Add: also some bindings have adjustable ankle strap position... not the Nows.


----------



## Mig Fullbag

Thanks F1EA!!!


----------



## deagol

cant wait to try them.....


----------



## ridinbend

deagol said:


> cant wait to try them.....


Don't forget to pull the high backs off on a deep pow day. It's worth it.


----------



## deagol

ridinbend said:


> Don't forget to pull the high backs off on a deep pow day. It's worth it.


this seems weird to me, but admittedly I don't know much about these bindings.
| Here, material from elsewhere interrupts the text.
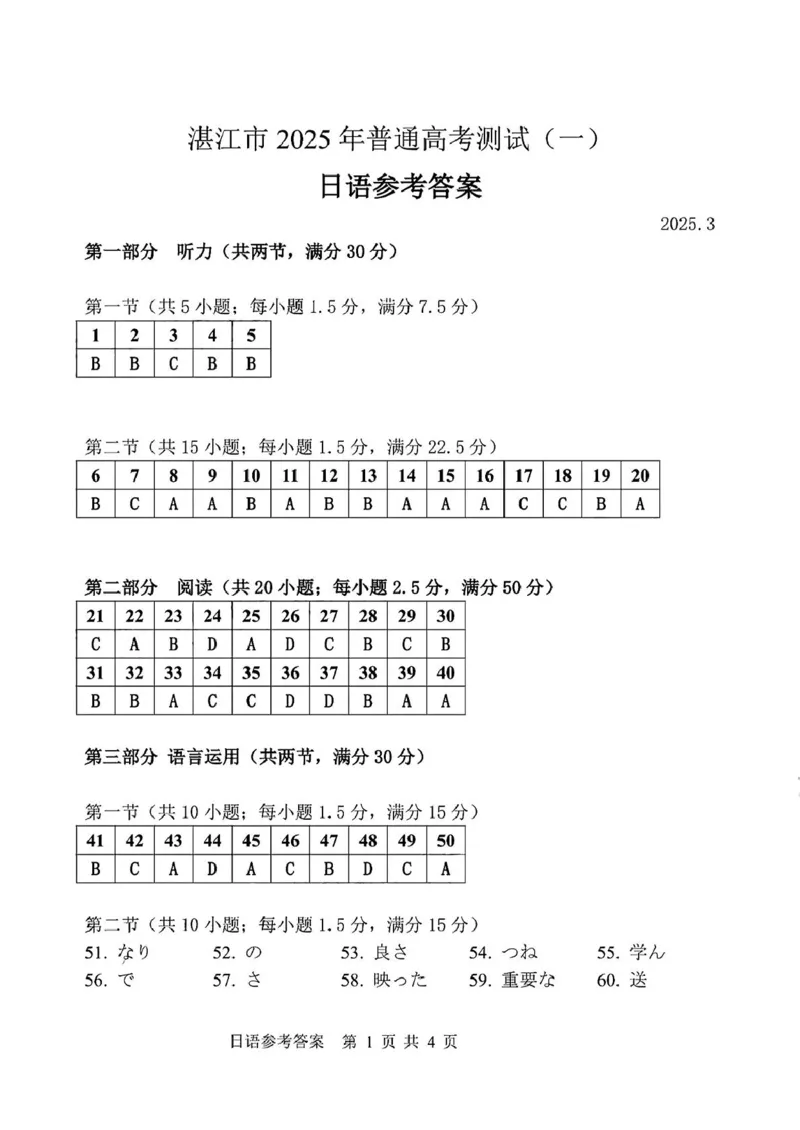 广东省湛江市2025年普通高考测试（一）日语试题_2025年3月_250308广东省湛江市2025年高三普通高考测试（一）（全科）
Is it to make it feel like a Pow surfer ?


----------



## Mig Fullbag

ridinbend said:


> Don't forget to pull the high backs off on a deep pow day. It's worth it.


I have spent the first 6 years of my snowboarding life riding without high backs. There's no way I am going back to that, unless all I ride for the rest of my life are first tracks on very deep pow days.


----------



## kino

all the reviews for NOW bindings has me intrigued with the 'skate' system. I would like to try them but they don't seem to have any women version. Has any ladies here tried them? is there any downsides to them?

My stats:

height: 5'6
current setup: 2013 proto ct 154/burton escapade
I mostly do all mountain riding, hardly any park.


----------



## Peyto

kino said:


> all the reviews for NOW bindings has me intrigued with the 'skate' system. I would like to try them but they don't seem to have any women version. Has any ladies here tried them? is there any downsides to them?
> 
> My stats:
> 
> height: 5'6
> current setup: 2013 proto ct 154/burton escapade
> I mostly do all mountain riding, hardly any park.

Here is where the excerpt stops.